AIM OF THE EXERCISE:
The whole listing needs retyping exactly; keep the pictures out of it.

DATA SHOWN:
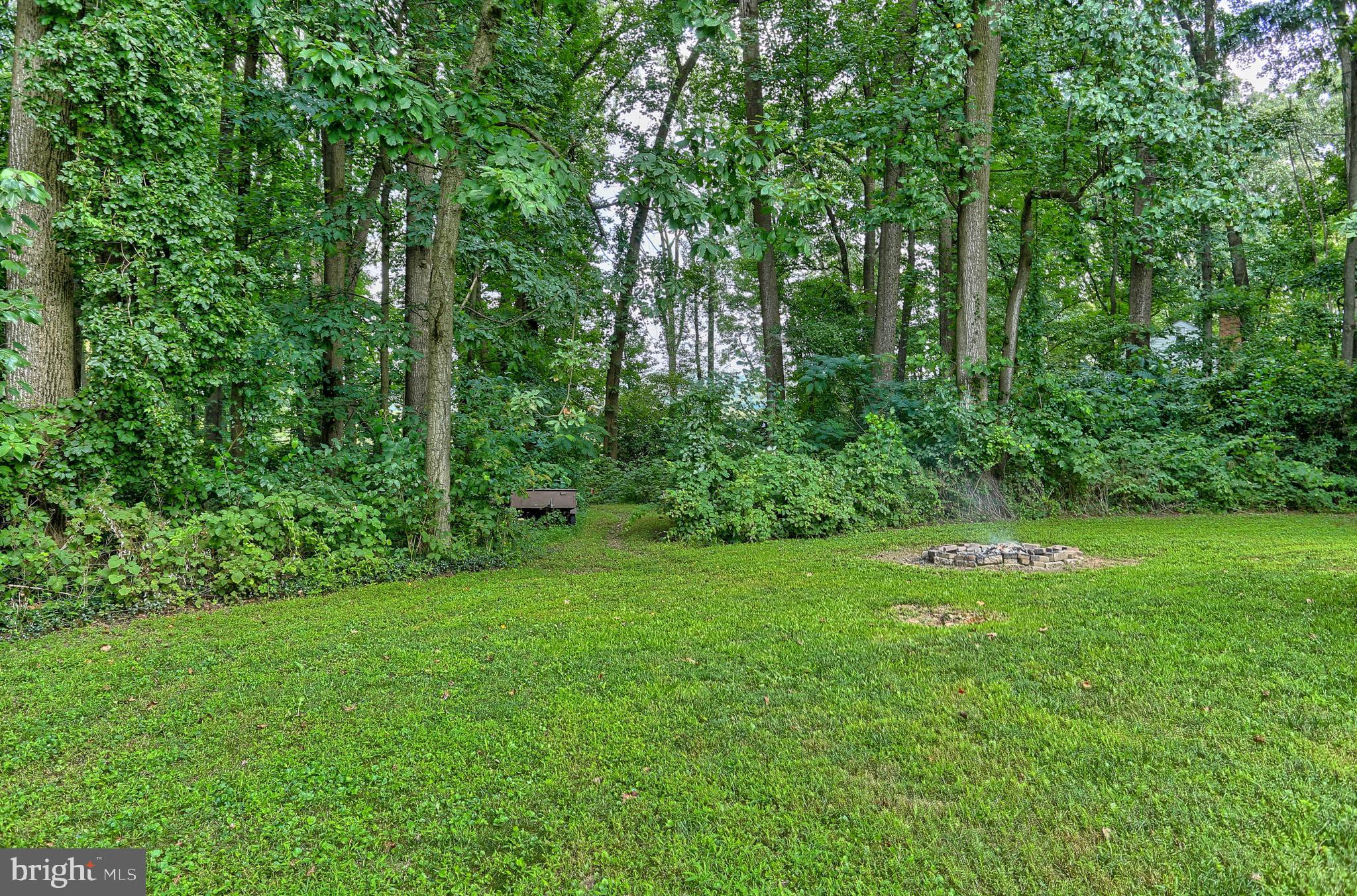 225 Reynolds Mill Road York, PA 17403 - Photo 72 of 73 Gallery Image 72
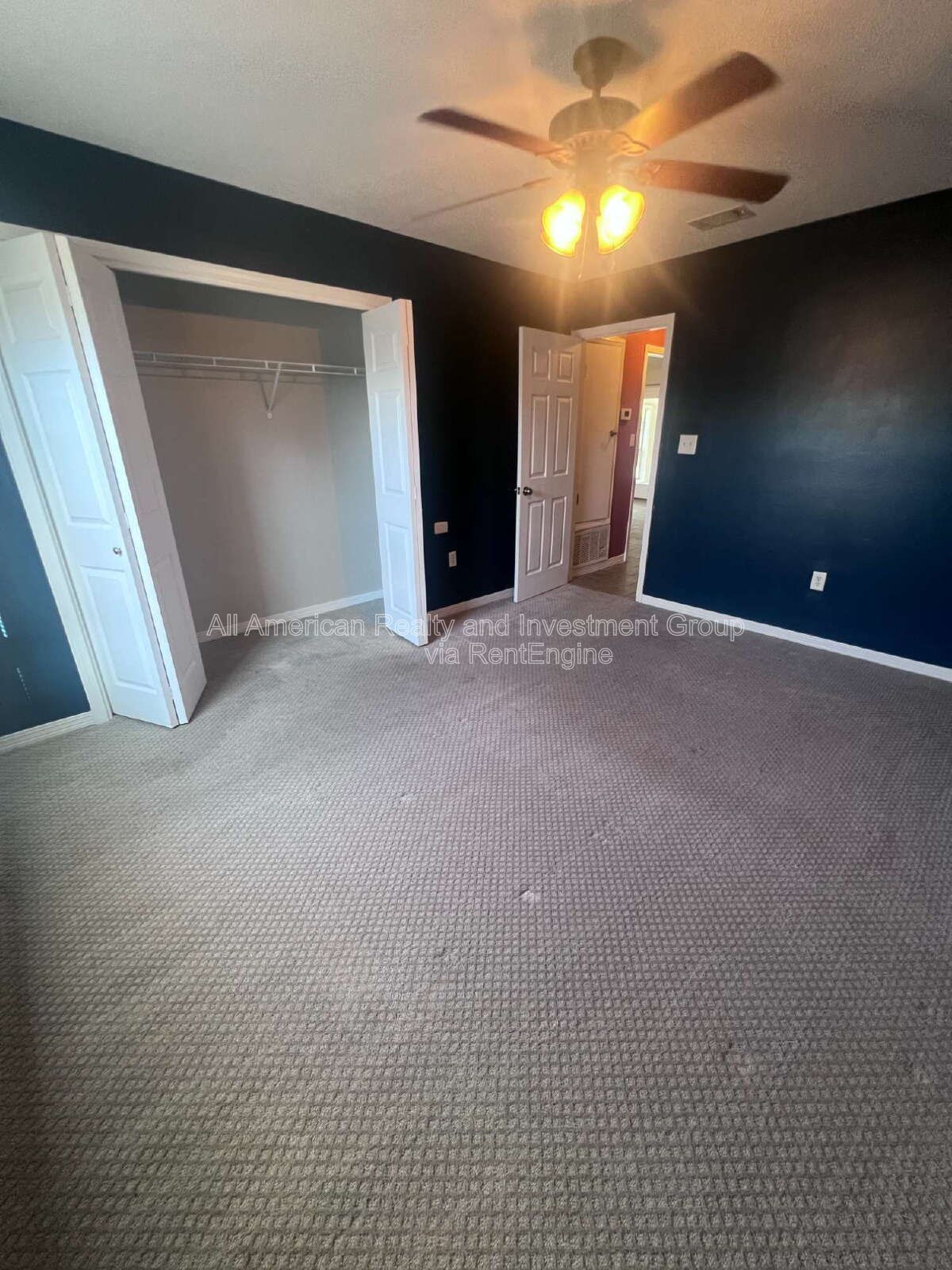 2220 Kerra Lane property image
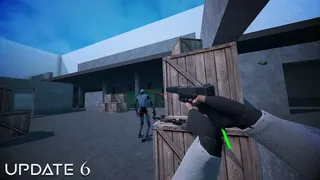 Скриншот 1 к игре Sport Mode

RESULT OF THIS EXERCISE:
 225 Reynolds Mill Road York, PA 17403 - Photo 72 of 73 Gallery Image 72
 2220 Kerra Lane property image
 Скриншот 1 к игре Sport Mode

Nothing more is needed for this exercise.